Interesting map of North America, engraved by John Gibson in London.
The map includes a large section in the Northwestern part of the continent entitled "Parts Undiscovered," at a period when the British were actively funding efforts to discover the Northwest Passage and the Hudson's Bay Company was pushing ever deeper the region, in search of furs, etc.
California Is "New Albion", with Quivira also shown above the headwaters of the Colorado River. A curious east-west mountain range is shown in California, with two Indian Tribal regions shown between the Colorado River and the Mississippi River, the "Cansees," Apaches. Further east, the "Charokes' are shown in what would become Tennessee.
Fort Crevecor appears below Lake Michigan, but no sign of Chicago.
Senis or Tekas is shown,as is [New] Orleans.

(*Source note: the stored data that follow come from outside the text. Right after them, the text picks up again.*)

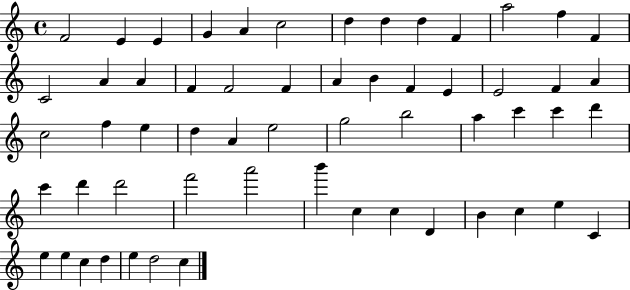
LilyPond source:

{
  \clef treble
  \time 4/4
  \defaultTimeSignature
  \key c \major
  f'2 e'4 e'4 | g'4 a'4 c''2 | d''4 d''4 d''4 f'4 | a''2 f''4 f'4 | \break c'2 a'4 a'4 | f'4 f'2 f'4 | a'4 b'4 f'4 e'4 | e'2 f'4 a'4 | \break c''2 f''4 e''4 | d''4 a'4 e''2 | g''2 b''2 | a''4 c'''4 c'''4 d'''4 | \break c'''4 d'''4 d'''2 | f'''2 a'''2 | b'''4 c''4 c''4 d'4 | b'4 c''4 e''4 c'4 | \break e''4 e''4 c''4 d''4 | e''4 d''2 c''4 | \bar "|."
}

John Gibson flourished in London from 1748 to 1773. He was most likely born ca. 1724. As a young man he was apprenticed to John Blunbell of the Stationers Company, and then to John Pine. He was made free of the Company in 1748. Gibson proved a talented geographer and engraver who produced numerous maps, especially for books and magazines. He worked in collaboration with other map sellers such as Emanuel Bowen and John Roque. His best-known work was the pocket atlas, The Atlas Minimus (1758). Although little is known about his life beyond his publications, he was imprisoned for debt in King’s Bench from May to June of 1765.